Will Ferrell proves his worth as a real actor in Stranger than Fiction (on DVD since Feb. 27) in which he plays Harold Crick, a boring IRS agent whose life becomes meaningful when he realizes that he is the main character is somebody’s book.
Crick hears a narrator in his head who is narrating his own actions and thoughts, and at first thinks he’s crazy. He then consults Jules Hilbert (Dustin Hoffman), a literature professor who analyzes Crick’s narrator in style and word choice. Hoffman and Ferrell are brilliant together, with Hoffman being sardonically humorous and Ferrell using his talent in physical comedy through perfect facial expressions for his befuddled character.
Meanwhile the narrator and author, Kay Eiffel (Emma Thompson) is unaware that her character is human flesh and blood and is trying to figure out the best way for him to die at the end of the book. With her assistant (Queen Latifa), she goes out to “research” different deaths as a way of combating her writer’s block. The dark humor works and Thompson and Latifa play off each other well with intelligent dialogue written by Zach Helm.

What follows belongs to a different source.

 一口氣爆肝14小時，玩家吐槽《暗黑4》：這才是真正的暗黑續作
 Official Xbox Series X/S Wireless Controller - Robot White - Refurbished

Balancing things out is a cute, but predictable romance. Crick falls for the woman he is auditing, Ana Pascal (Maggie Gyllenhaal). The movie gets away with its predictability because it can blame in on the fiction writer, Kay Eiffel. It’s clever, and it works as long as you don’t think too hard about what the movie is all about. Go along for the ride. It attempts at depth with questions of mortality and the “meaning of life.” But this is no Ingmar Bergman (let alone Woody Allen), so don’t think this a substitute this for your philosophy reading. It’s a smart, funny comedy with a stellar cast and a lot of laughs.